Others didn't like the structure of his presentation around the information graphics of marketing share and argued that his emphasis on the latest and greatest and looming future predictions betrayed a latent corporatism in his discourse. He defended himself against this charge by arguing that there was also "a place for genealogy" and historical studies of computers and computer networks, particularly cybernetics. Nonetheless, he expressed reservations about assuming the position that we "can’t deal with the present so let’s focus on the past" and dissastifaction with studies that only see the Internet through the lens of the Cold War and the deeper influence of military technology, which leaves out the global perspective and practices adopted without centralization that are now being organized by national webs. He explained that "we are kind of stuck in a way" because such genealogies would be unlikely to "give us the critical apparatus to study the future" In describing the "state of panic" associated with "trying to keep up," Lovink admitted that he had "left out statistics related to the mobile phone," which is revolutionizing "access to electronic communication."

Mark Poster
questioned the ramifications of pointing out that "we can no longer be Kant writing for all humanity," given the crisis of theory that Lovink described, even though theory is called for in a time in which the nature of subject formation has changed so radically.
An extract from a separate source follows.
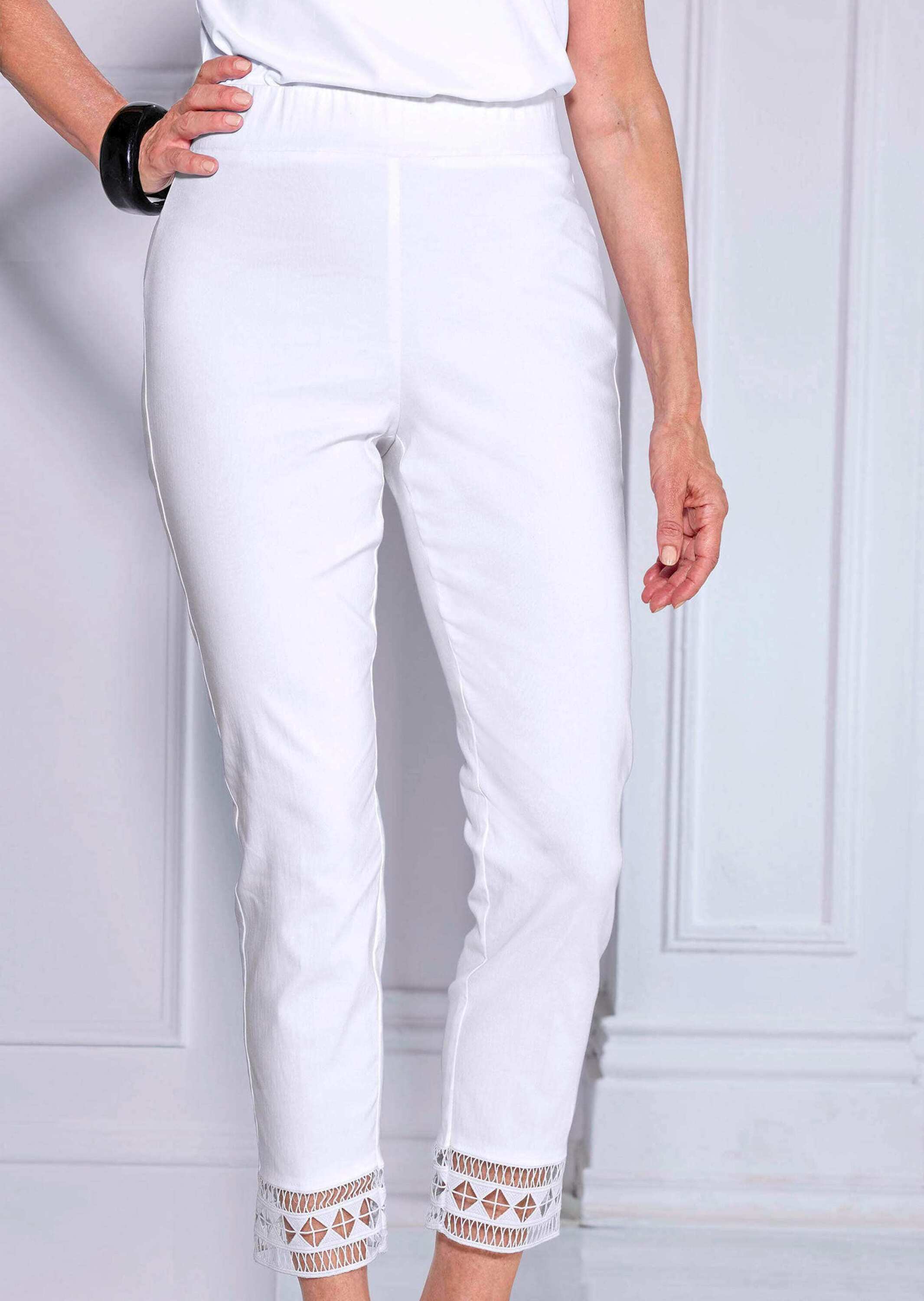 Thumbnail - GOLDNER Schlupfhose "Kurzgröße Freizeithose LOUISA mit Spitzenabschluss"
Lovink responded that the fact that theory no longer guides practice (with the exception of tactical media) should be of concern. Although this "notion of the object as constantly disappearing" might discourage some from attempting serious critical inquiry, he expressed his concern that too often a "technolibertarian agenda" oriented around a few pet issues, such as open access, free software, creative commons licenses, was filling the vacuum at a time when critical concepts that could shape the field were needed, and that a "public domain agenda" in which the Internet merely served as a kind of public space were far too easy to deconstruct. Lovink identified himself as a product of the "Kittler school of German media theory" who was interested in "media materialist approaches" that addressed "infrastructural underpinning" and "historical trends going back to modes of writing." In closing his talk he emphasized that "important media theorists" such as Richard Rogers of, "have that humanities background" and that the objects of study only seemed to "disappear because they are more present and bigger."